You could be insulin resistant for years without knowing it. This condition typically does not trigger any noticeable symptoms, so it’s important to have a doctor regularly check your blood glucose levels.

Key Takeaways:

  • Symptoms: Classic diabetes symptoms include extreme thirst, increased hunger, frequent urination, fatigue, and tingling sensations in hands or feet. Some may develop acanthosis nigricans, a skin condition.
  • Testing: Diagnosis involves A1C, fasting blood glucose, glucose tolerance tests, and random blood draws.
  • Risk Factors: Sedentary lifestyle, family history of diabetes, high blood pressure, and gestational diabetes increase risk.

Symptoms of insulin resistance

If you have prediabetes, it’s important to work with your doctor. They will routinely monitor your blood sugar or hemoglobin A1C (HbA1c) so they can recognize whether you’ve developed diabetes.

Classic diabetes symptoms include:

  • extreme thirst or hunger
  • feeling hungry even after a meal
  • increased or frequent urination
  • tingling sensations in hands or feet
  • feeling more tired than usual
  • frequent infections
  • evidence of high blood sugar levels in blood work

Some people with insulin resistance may also develop a skin condition known as acanthosis nigricans. It appears as dark, velvety patches often on the backs of the neck, groin, and armpits.

Some experts believe insulin directly and indirectly activates the insulin-like growth factor 1 receptors on types of skin cells called keratinocytes and fibroblasts. This could lead to the growth and development of the condition Acanthosis Nigricans. There’s no cure for this condition. However, if another condition causes these symptoms, treatment may help natural skin color return.

If you don’t have obvious symptoms, your doctor can usually detect prediabetes or diabetes with lab tests.

Though doctors don’t usually test for insulin resistance, the most accurate test is a euglycemic insulin clamp that’s used for research purposes.

Testing and diagnosis of insulin resistance

A1C test

One way to diagnose prediabetes or diabetes is with an A1C test. This test measures your average blood sugar over the previous 2 to 3 months.

  • An A1C under 5.7 percent is considered normal.
  • An A1C between 5.7 and 6.4 percent is diagnostic for prediabetes.
  • An A1C equal to or above 6.5 percent is diagnostic for diabetes.

Your doctor may want to reconfirm the test results later. However, depending on the lab where you have your blood drawn, these numbers could vary by 0.1 to 0.2 percent.

Fasting blood glucose test

A fasting blood glucose test will show your fasting blood sugar level. You’d have this test done after not eating or drinking for at least 8 hours.

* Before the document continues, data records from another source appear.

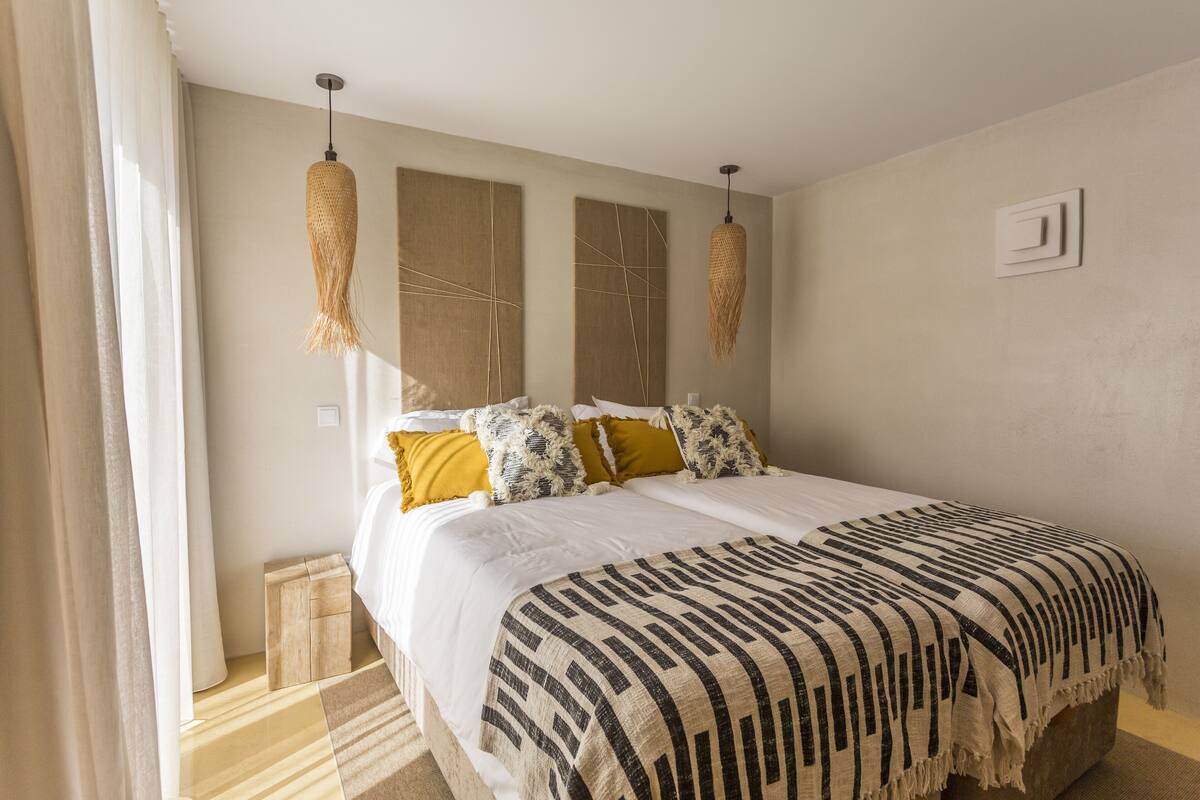 Ein Schlafzimmer mit einem großen Bett, zwei Pendelleuchten und einem kleinen Nachttisch.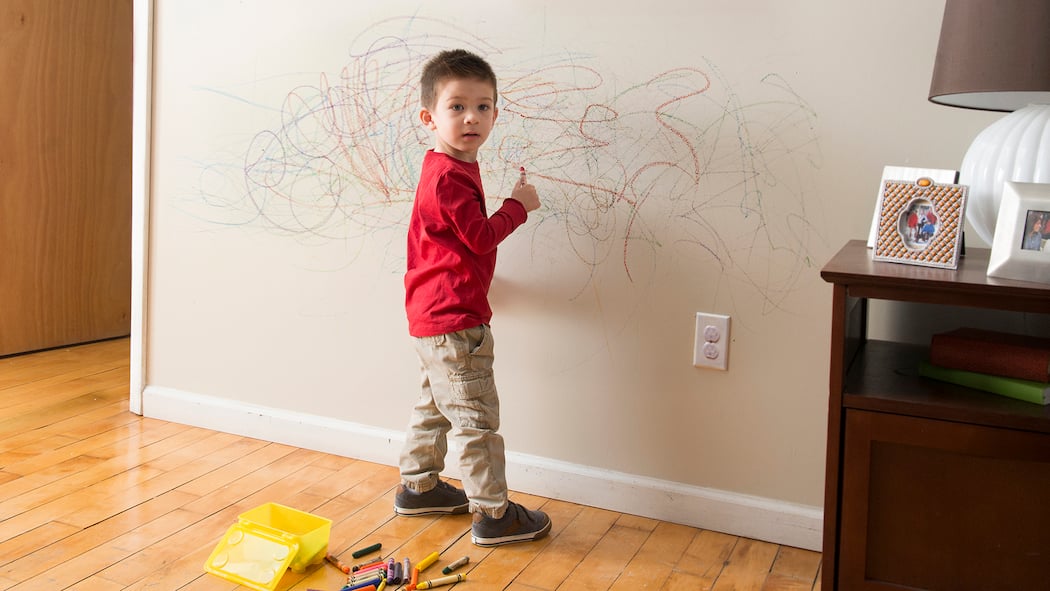 Wer zahlt Schäden in der Mietwohnung? Ein kleiner Junge wird dabei ertappt, wie er an die Wand des Wohnzimmers zeichnet.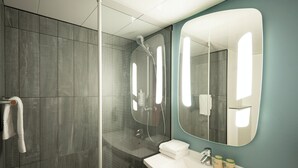 Un baño moderno con cabina de ducha de vidrio, un lavabo blanco y un espejo grande.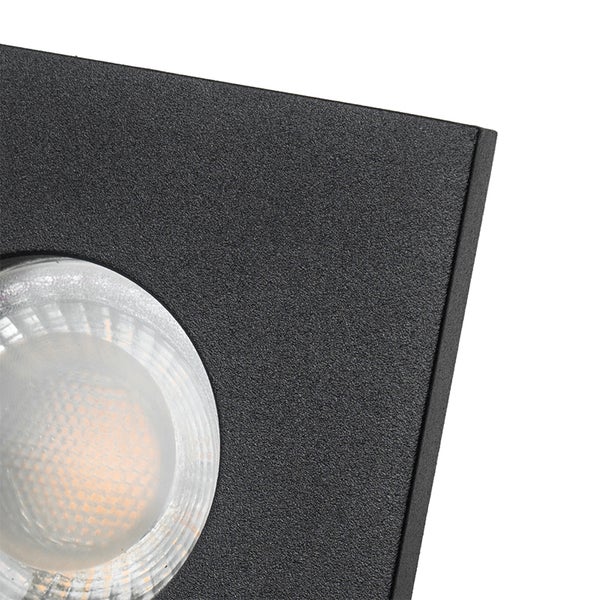 Detailansicht einer schwarzen Außenwandleuchte mit strukturierter Oberfläche und kreisförmigem LED Leuchtmittel.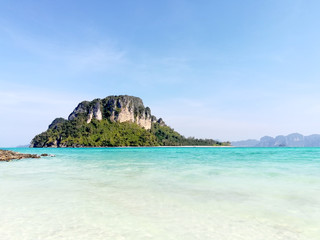 closeup and seascape view of island on Railay Bay on bright blue sky background.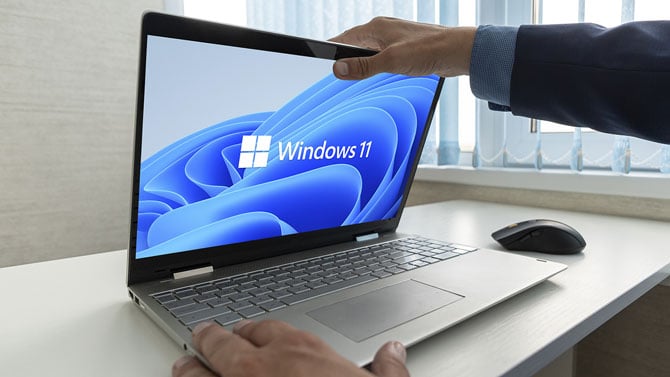 Hands opening a Windows 11 laptop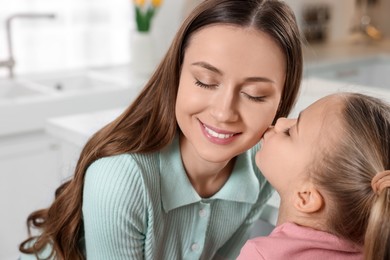 Photo of Cute daughter kissing her mom in kitchen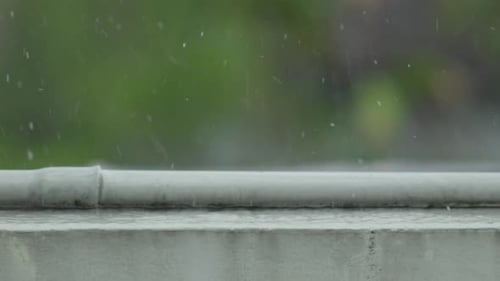 Vue rapprochée des gouttes de pluie sur la balustrade du balcon pendant la pluie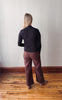 Person wearing a black sweater and brown pants standing against a white wall on a wooden floor.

A high level may require a second test a few days later to confirm the reading. If both tests show high levels of blood glucose, your doctor may diagnose you with prediabetes or diabetes.

  • Fasting blood sugar levels under 100 milligrams/deciliter (mg/dL) are considered normal.
  • Levels between 100 and 125 mg/dL indicate prediabetes.
  • Levels equal to or greater than 126 mg/dL are diagnostic for diabetes.

Depending on the lab, these numbers could vary up to 3 mg/dL points in the cutoff numbers.

Glucose tolerance testing

A 2-hour glucose tolerance test may be another way to diagnose prediabetes or diabetes. Your blood glucose level will be determined before this test begins. You’ll then receive a premeasured sugary drink, and your blood glucose level is checked again in 2 hours.

  • A blood sugar level of less than 140 mg/dL after 2 hours is considered normal.
  • A result between 140 mg/dL and 199 mg/dL is considered prediabetes.
  • A blood sugar level of 200mg/dL or higher is considered diabetes.

Random blood draws

Random blood sugar tests are useful if you’re experiencing significant diabetes symptoms.

Risk factors for insulin resistance

Testing for diabetes should begin at about age 40, along with the usual tests for cholesterol and other markers of health. Ideally, your doctor will request testing at your annual physical exam or preventive screening.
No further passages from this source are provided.